[Math] Standard deviation of a rate

standard deviationstatistics

I am trying to measure the throughput of a network. I collected sample transfer times for 1,000 trials, and then calculated the arithmetic mean and standard deviation for the data (e.g., mean = 0.2s, stdev = 0.01s for 1GB of data).

It is easy to compute the mean throughput (e.g., 1GB / 0.2s = 5 GB/s). Is it possible to compute the standard deviation of the throughput directly from the standard deviation of the transfer time? Or do I need to use the original 1,000 data points (which would unfortunately need to be re-measured)?

Best Answer

First we need to get clear what you mean by these words. Note that when you say that the "mean throughput" is 1GB / 0.2s = 5 GB/s, this is not the mean of the throughputs in the individual measurements. For example, if you measured two transfer times for 1GB, one 0.1s and one 0.3s, the mean transfer time for 1GB is 0.2s, the throughputs in the individual measurements are 10 GB/s and about 3.3 GB/s, and the mean of those two throughputs is about 6.6 GB/s, not 5 GB/s.

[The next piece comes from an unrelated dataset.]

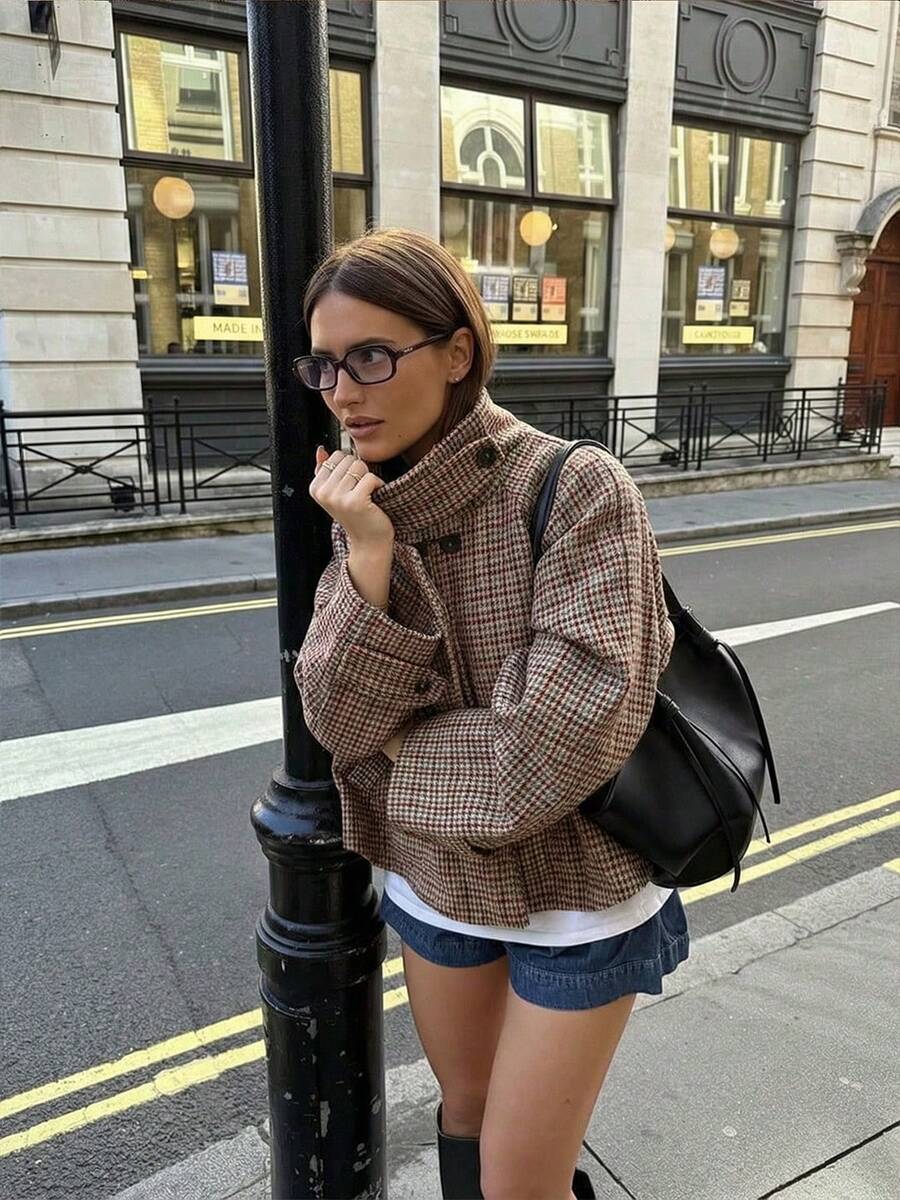 Women Plaid Jacket Light Grey – High Collar Coat – Loose Fit Casual Style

What you quoted is an estimate for the expected throughput as the sample time and the data size go to infinity. That may well be the quantity you're actually interested in, but that quantity doesn't have a standard deviation. In the limit as the sample time and the data size go to infinity, the standard deviation of the throughput goes to zero, so there's no meaningful notion of standard deviation in this limit.

Thus, "the standard deviation of the throughput" only makes sense for a specified sample time or data size. Presumably you mean the standard deviation of the throughputs for 1GB of data, i.e. simply the standard deviation of the throughputs in your individual measurements. But if this is what you want, it's important to understand that this is not the standard deviation corresponding to the quantity you call "the mean throughput"; it's the standard deviation corresponding to the quantity which in my above example would have been about 6.6GB/s.

If this is what you're after, you're out of luck and you'll have to remeasure -- not only the standard deviation of the individual throughputs can't be reconstructed from the mean and standard deviation of the sample times; not even the mean of the individual throughputs (e.g. 6.6GB/s) can be reconstructed from those values.